Strict gender roles existed throughout the Tudor Dynasty, affecting all sectors of society. Tudor men believed that their role was being the head of the household whilst women, on the other hand, were raised to believe that they were inferior to men. The Tudor Dynasty somehow both adhered to and rejected these expected gender roles.
Henry VIII is a prime example of a Tudor monarch who embraced his expected gender role. Henry was known to regularly project his masculinity in jousting tournaments, where he insisted on only challenging the strongest, most talented competitors to demonstrate his masculinity. Tudor gender roles also greatly encouraged Henry’s actions as a husband. His many affairs, especially while married to Catherine of Aragon, were presented as the actions of a caring and dutiful husband, seeking sexual outlets during his wife’s pregnancy. To many, this was the honourable thing for Henry to do as it protected his wife from any issues Henry might experience from not ‘releasing his seed’. Maintaining his masculinity remained of the upmost importance in all aspects of his life, not only to the King himself, but also to those surrounding him in court and his people. For example, during the tumultuous Reformation of England, Henry fathering a son as an heir to the throne remained at the centre of the country’s goals. Following this, Henry’s masculinity was utilised advantageously during his many divorces. One of the charges against Anne Boleyn, for example, included Anne and her brother occasionally laughing at the King’s clothing, which was treated as a great offence during her trial as Henry’s clothing was seen as an extension of the man he made of himself. The protection and maintenance of Henry’s masculine image enabled him to make many harsh decisions throughout his reign without repercussions, particularly against his six wives.

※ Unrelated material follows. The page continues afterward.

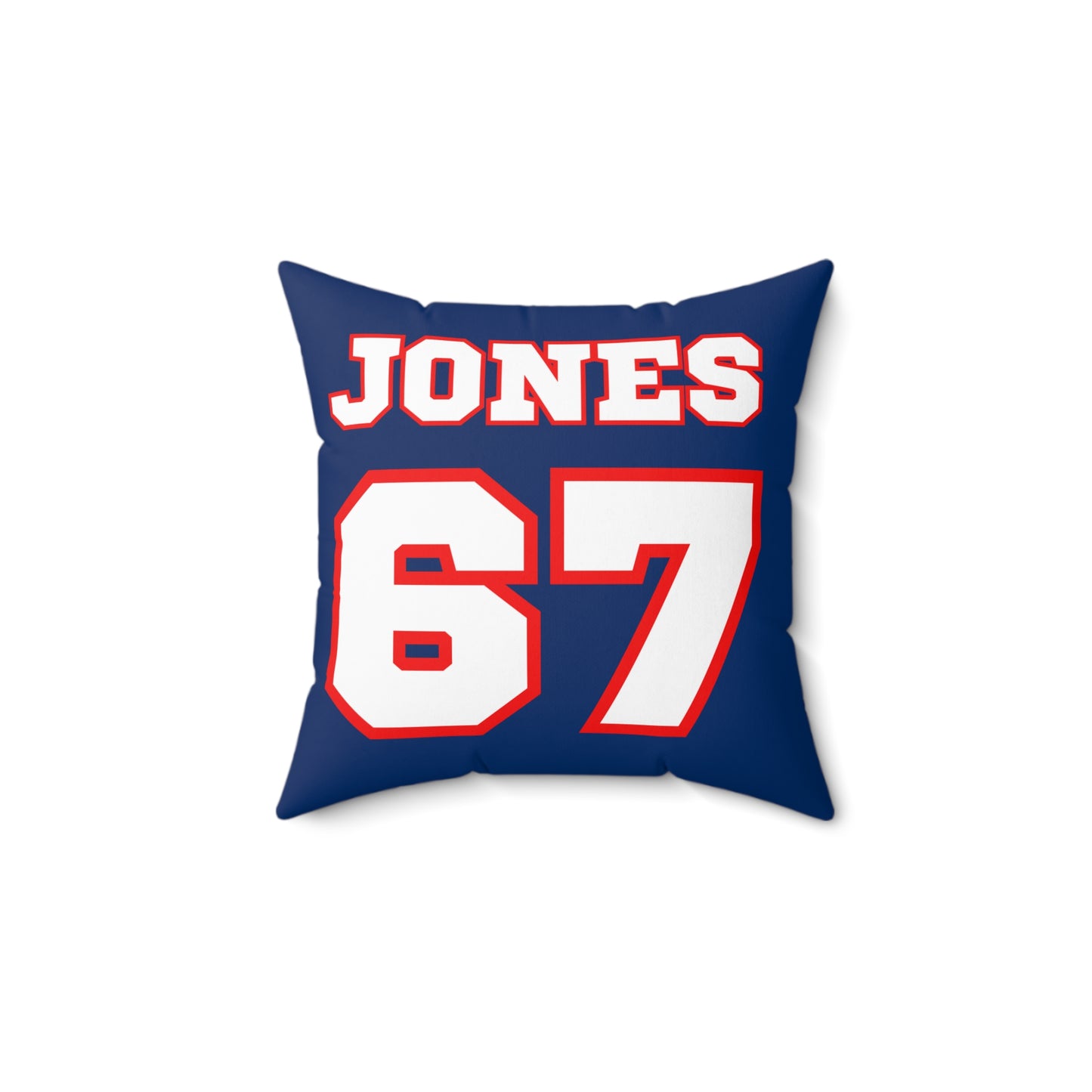 Personalized Team Jersey Throw Pillow Custom made for Gift Giving for Favorite Player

There were completely different gender roles surrounding women of the Tudor period. Elizabeth I was subject to pressing expectations from the outset of her reign, as the people of England felt a profound unease at being subjected to the rule of a woman, particularly after the turbulent rule of her sister, Mary I. However, Elizabeth managed to use the expectations of women to her advantage throughout her reign. On one hand, Elizabeth colluded with blatant misogyny by consistently referring to herself as a weak, feeble woman. On the other hand, however, she used more masculine terms, such as referring to herself as a ‘Prince’, to appear more powerful and assertive. By pretending to regret that she had been born a woman, Elizabeth was able to manipulate her male courtiers and establish her authority in what was essentially a man’s world. Elizabeth used stereotypes in this way to further assert control in her court and in international politics. She gained the famous label the ‘Virgin Queen’, but also as a flirtatious woman throughout court. The Tudors expected a wife to submit to her husband, but Elizabeth had no intention of being governed by a man. Elizabeth attempted to maintain a good relationship with those who had proposed marriage through her flirtatious nature to ensure good relations remained in court and therefore with other countries. However, Elizabeth could not entirely escape the misogynistic attitudes faced by Tudor women, as there was much gossip surrounding her relationships at court. For example, rumours regarding an allegedly ‘explicit’ relationship with her favourite courtier, Robert Dudley, could have proved dangerous for Elizabeth. If gossip that Elizabeth had not remained a virgin had spread to international court, it would have not only negatively impacted her relations with those who had previously made marriage proposals, but may have also impacted her position as monarch, as rumours also spread that the sudden death of Dudley’s wife in 1560 was orchestrated by Elizabeth.
Henry was front and foremost a man so it was easier for him to control those around him to comply with what he required to keep his masculinity in check, whether that be taking part in sporting activities, or finding a new wife. Elizabeth, however, needed to take more care with how she treated the court. It was more important for her to create a strong relationship with the court by playing up a role as a ‘feeble’ women so that she could maintain stability as monarch.